Zin Ko Oo’s father said no one from the People’s Defense Forces had been in their village or the school as the regime’s spokesperson, Zaw Min Tun, alleged at a press briefing in the Myanmar capital, Naypyidaw, on September 20. The military spokesperson also accused the government’s opponents of using the villagers as human shields.

Running scared

“We have never ever seen this kind of brutal attack targeting a school and us. We were civilians and did not have any weapons. We were so terrified and running as much as we could,” Zin Ko Oo’s father said, in describing the attack.

After the helicopters fired rockets and machine guns, the junta soldiers who were inside the helicopters raided the village.

Zin Ko Oo’s father told VOA his house and truck were burned by the soldiers. He said he lived five houses away from the west side of the monastery, where classes were in session. He said soldiers set fire to some of the motorcycles in a repair shop he owns.

Myanmar Witness stated, “The attack on Let Yet Kone school is part of an emerging trend that shows the Myanmar military’s pattern of increasing recklessness towards the safety of children, especially around schools.”

The Let Yet Kone school is in Sagaing, one of seven regions in the country.

There are thought to be 27 community schools, 4,000 students and 380 CDM teachers in Sagaing region, according to Myanmar Witness. The junta has outlawed such schools, arresting teachers as well as support staff.

“Another spot report was done on a school where a teacher was beheaded and fingers [were] mutilated so that one was definitely a killing with a message against CDM/NUG supported schools,” Myanmar Witness wrote in its email to VOA. The NUG refers to members of Myanmar’s exiled National Unity Government. It was established in opposition to the junta.

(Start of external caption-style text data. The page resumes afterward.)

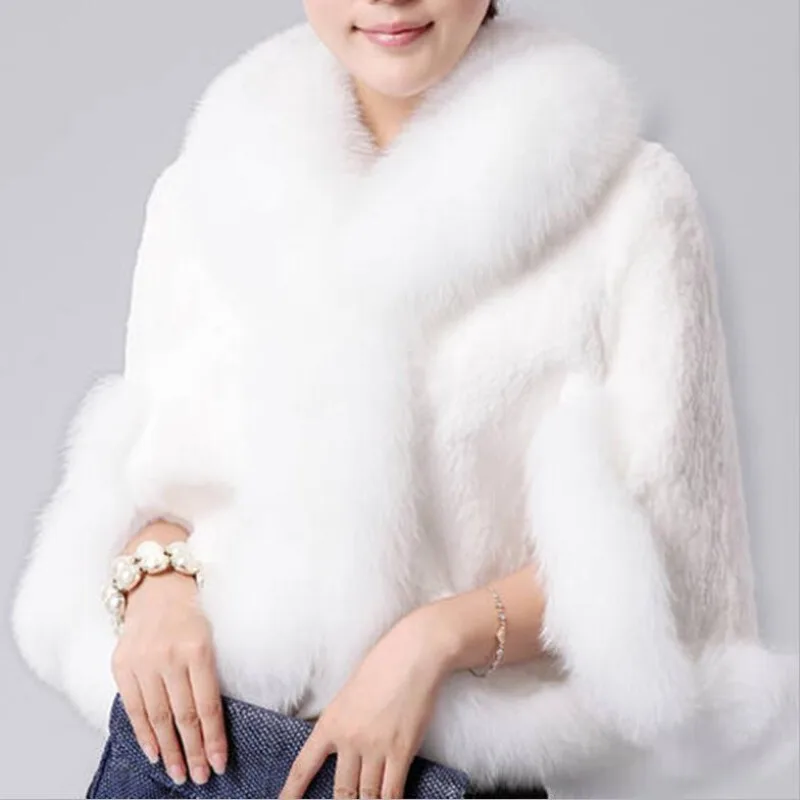 

2023 New Women Winter Faux Fox Fur Coat Short Loose Overcoat Brushed Warm Jacket Temperament Commuting Fashion Outwear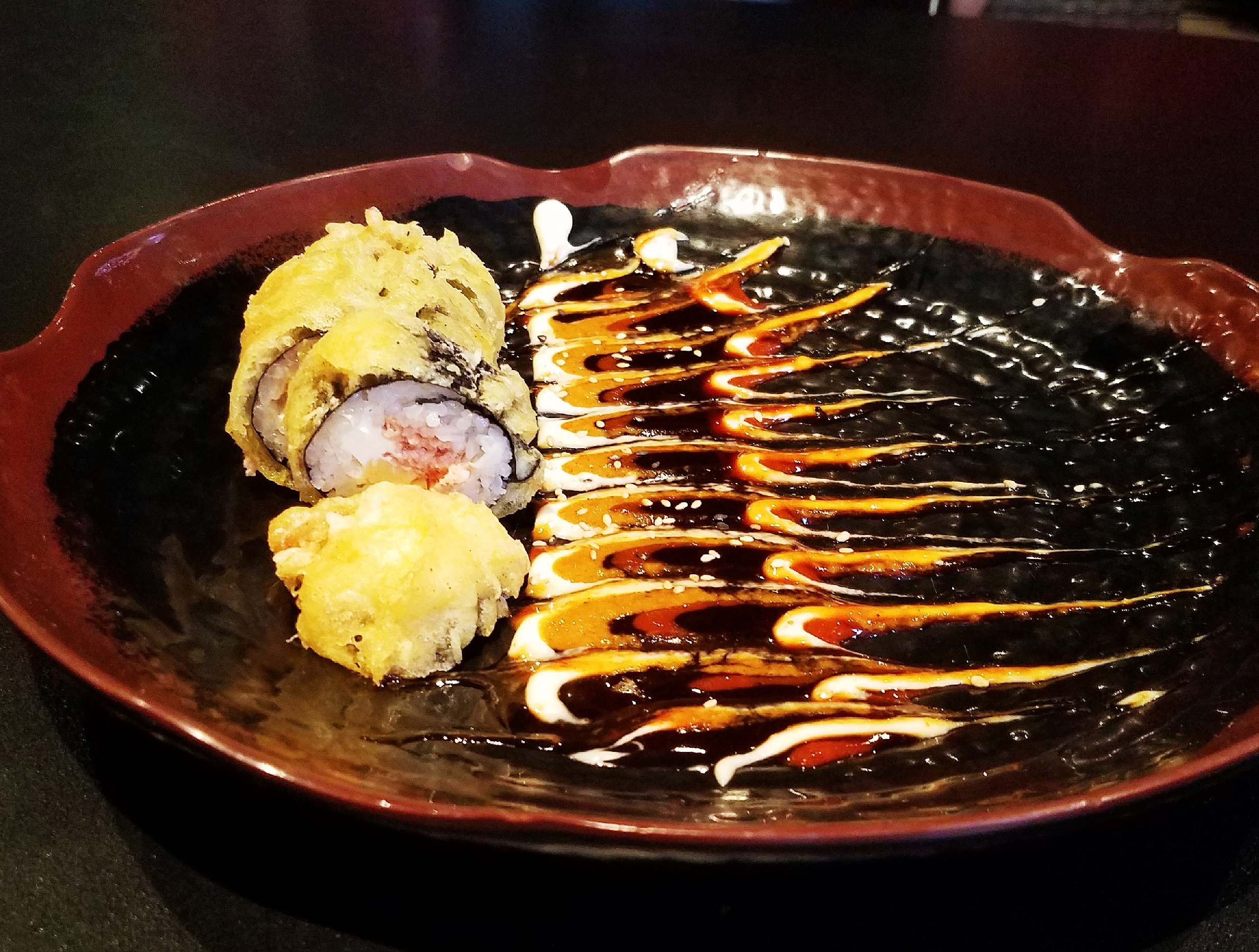 Order Volcano Roll food online from Sakebomber Sushi & Grill store, Tempe on bringmethat.com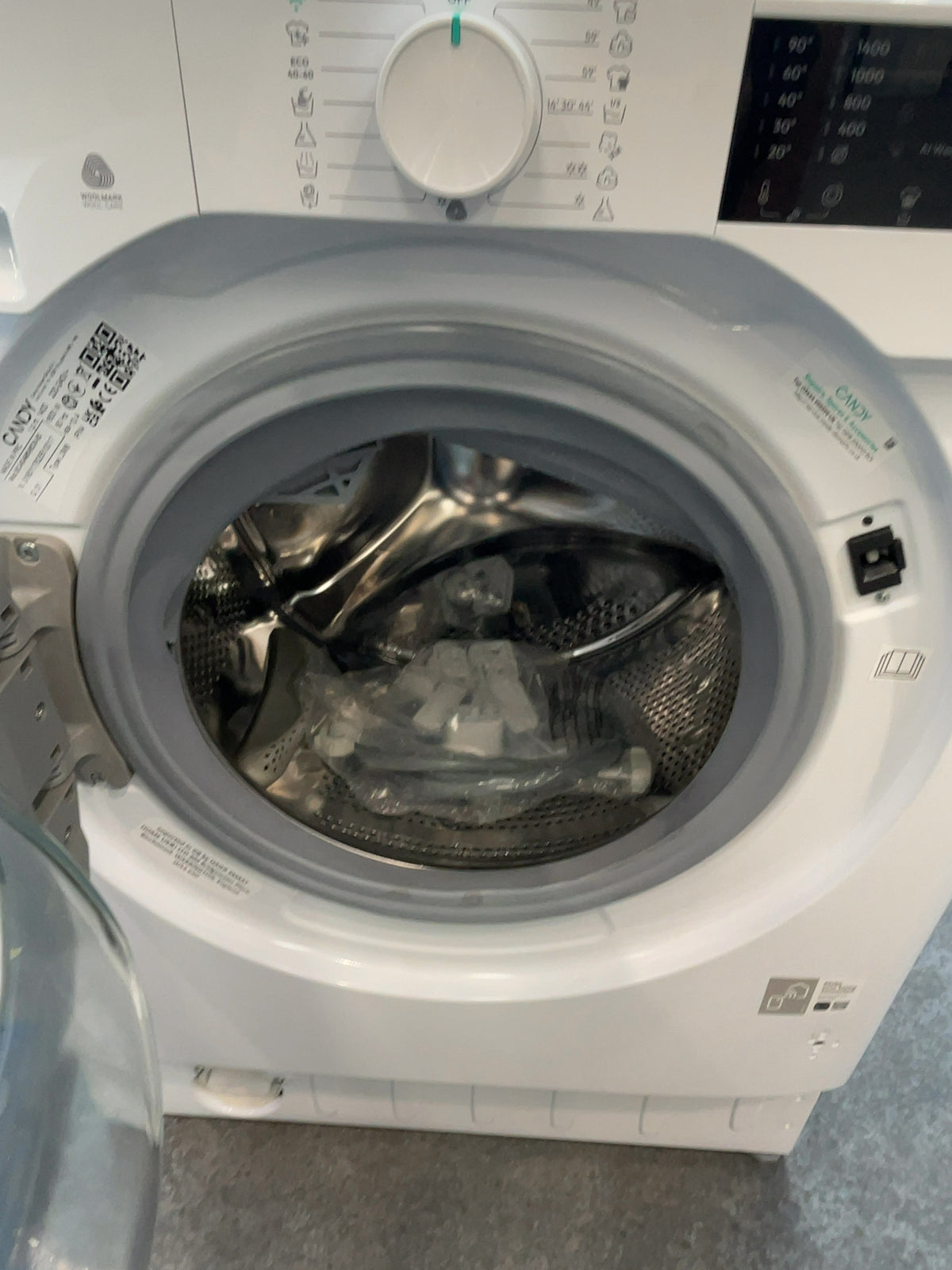 #GRC-165-057 - Candy Smart Pro Integrated Washer Dryer – 9kg Wash, 6kg Dry, 1400rpm, WiFi Connected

Separately, a group established in 2018 by the U.N. Human Rights Council said the school attack in Let Yet Kone village might be considered a war crime, with commanders criminally liable.

According to a September 27 statement by the Independent Investigative Mechanism for Myanmar (IIMM), “Armed attacks that target civilians are prohibited by international laws of war and can be punished as war crimes or crimes against humanity.”